Internet of Things or “IoT,’ as commonly referred to, have proliferated our culture and will continue as they acquire growing attention with functionality and ease. Their attraction is in their usefulness engendering efficiency, productivity, and an expectation of enhancing one’s fitness and along with self-awareness. The idea of IoT has brought the attention of platform designers that has replaced the smaller developers who were focused on the utility of one product’s ability to sync with a network. This aspect of growing platforms causes policy and technical concerns for liability and protecting privacy and for securing the integrity of financial transactions. The rude awakening for the NTIA is that they will find out that their paradigm is changing faster than their efforts to grasp how to address consumer privacy protection issues and business data, i.e., trade secrets.
The notion of a variety of devices being connected to a shared network, of some sort, has prodded the National Telecommunications and Information Administration (NTIA) to seek advisory comments on a variety of aspects that are related to cyber security, potential threats, and liabilities. Last month, the NTIA did just that by issuing a request for public comment (RPC). The NTIA is seeking to know what varied perspectives and circumstances that must be accounted when considering the balance of the benefits of IoT along with the foreseen and unforeseen consequences, including the shared network structural and legal challenges. NTIA is also leaning towards determining what would be government’s best role in this internet realm of evolving technology.

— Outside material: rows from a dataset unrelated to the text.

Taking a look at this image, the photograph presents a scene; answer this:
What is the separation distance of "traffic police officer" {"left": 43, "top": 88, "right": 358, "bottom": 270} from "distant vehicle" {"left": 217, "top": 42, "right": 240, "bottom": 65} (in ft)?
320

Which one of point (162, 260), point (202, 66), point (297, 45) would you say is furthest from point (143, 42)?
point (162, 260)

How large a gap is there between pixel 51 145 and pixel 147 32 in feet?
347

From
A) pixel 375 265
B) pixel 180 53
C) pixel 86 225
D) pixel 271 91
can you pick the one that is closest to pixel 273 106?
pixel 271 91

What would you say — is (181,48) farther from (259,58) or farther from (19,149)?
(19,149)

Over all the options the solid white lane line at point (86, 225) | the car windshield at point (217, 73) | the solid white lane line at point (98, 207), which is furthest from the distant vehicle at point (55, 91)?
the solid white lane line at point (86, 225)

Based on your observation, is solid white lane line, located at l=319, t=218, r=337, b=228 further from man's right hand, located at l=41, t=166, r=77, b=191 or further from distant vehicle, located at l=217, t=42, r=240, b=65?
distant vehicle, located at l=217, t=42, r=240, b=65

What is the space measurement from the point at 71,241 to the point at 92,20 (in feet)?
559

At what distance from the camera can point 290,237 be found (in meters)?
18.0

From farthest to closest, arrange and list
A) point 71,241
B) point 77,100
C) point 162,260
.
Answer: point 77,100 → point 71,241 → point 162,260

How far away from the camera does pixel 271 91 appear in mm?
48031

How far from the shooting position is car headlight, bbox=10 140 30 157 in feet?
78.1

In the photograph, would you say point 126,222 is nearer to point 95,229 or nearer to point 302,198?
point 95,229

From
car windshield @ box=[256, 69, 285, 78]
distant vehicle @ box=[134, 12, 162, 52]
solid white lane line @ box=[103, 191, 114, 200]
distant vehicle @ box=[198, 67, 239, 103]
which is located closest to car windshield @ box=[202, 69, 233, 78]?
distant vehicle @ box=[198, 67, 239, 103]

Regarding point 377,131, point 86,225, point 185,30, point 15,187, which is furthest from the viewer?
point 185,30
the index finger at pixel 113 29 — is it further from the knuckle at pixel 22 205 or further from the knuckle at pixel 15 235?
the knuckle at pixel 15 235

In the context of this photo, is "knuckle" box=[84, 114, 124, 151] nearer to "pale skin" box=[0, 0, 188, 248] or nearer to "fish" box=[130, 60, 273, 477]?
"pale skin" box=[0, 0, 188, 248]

As it already has commented, the weak link theory in life may very well apply to this phenomenon of the IoT plethora. As is rudimentarily described, it is the network syncing of varied devices, whether its computer, router, house alarm, streaming box, mobile phone, or your home security cameras, that draws concern to eventful weak link compromising the user’s personal confidential information. The Internet is the communications vehicle among people and their varied daily used devices sought to achieve their desired function. It only takes one device synced to the user’s home network or tablet, for example, and the cyber intruder has pierced through to take control, of say, the home alarm system while the user is at work or track the user’s financial transactions.
Security of personal consumer information is a driving concern with the speed in which the technology and synchronization are actually taking place by way of cloud interface and communication. Yet the path of the industry’s evolution should raise concern for the security of commercial garnered data as well. The hopes of there being standards established are the NTIA’s expectation that IoT garnered data can be classified as consumer driven data and commercially driven data and how each should be protected. Real-time commercial data monitoring is here with scalable means for connecting items to the Internet and the ability to monitor with analytics. This will be an unexpected revelation amid the NTIA’s RPC results that will reveal the industry’s evolution embracing “IoT as a service” to the NTIA ultimately changing its paradigm.

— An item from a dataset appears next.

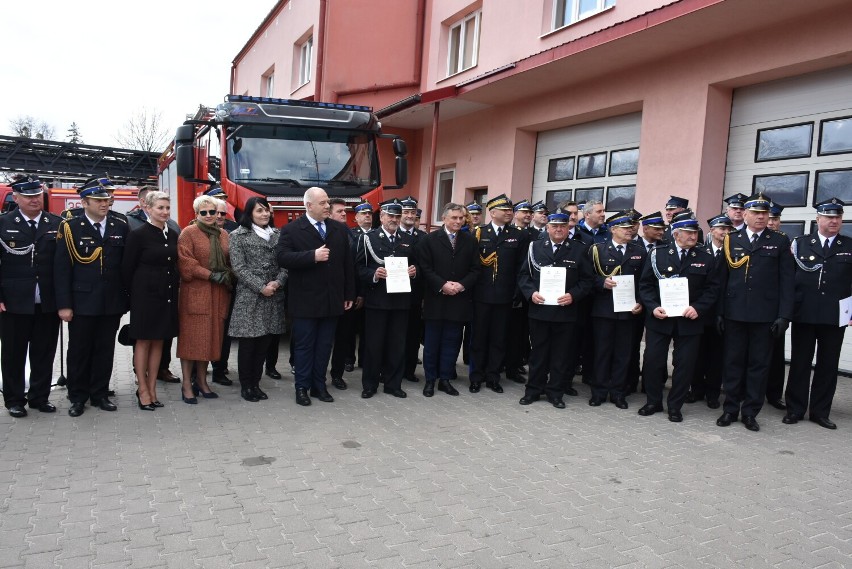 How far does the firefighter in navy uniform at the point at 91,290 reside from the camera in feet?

Internet of Things as a service is the next generation of Cloud deployment and management involving interconnected network designers and device manufacturers whose input will be invaluable for logistics and policy NTIA considerations. What underscores this imperative is the direction of software IoT development evolving to enhance platforms and application program interfaces “APIs”. Together, the paradigm is certainly changing for all things considered magnifying the ability to connect devices and products to the Cloud. And so with the speed and breadth of connectivity, the NTIA will recognize inevitable increasing vulnerabilities and liabilities, swimming in the “cyber security justice” pool along with standard setting government involvement in a wave of piercing litigation.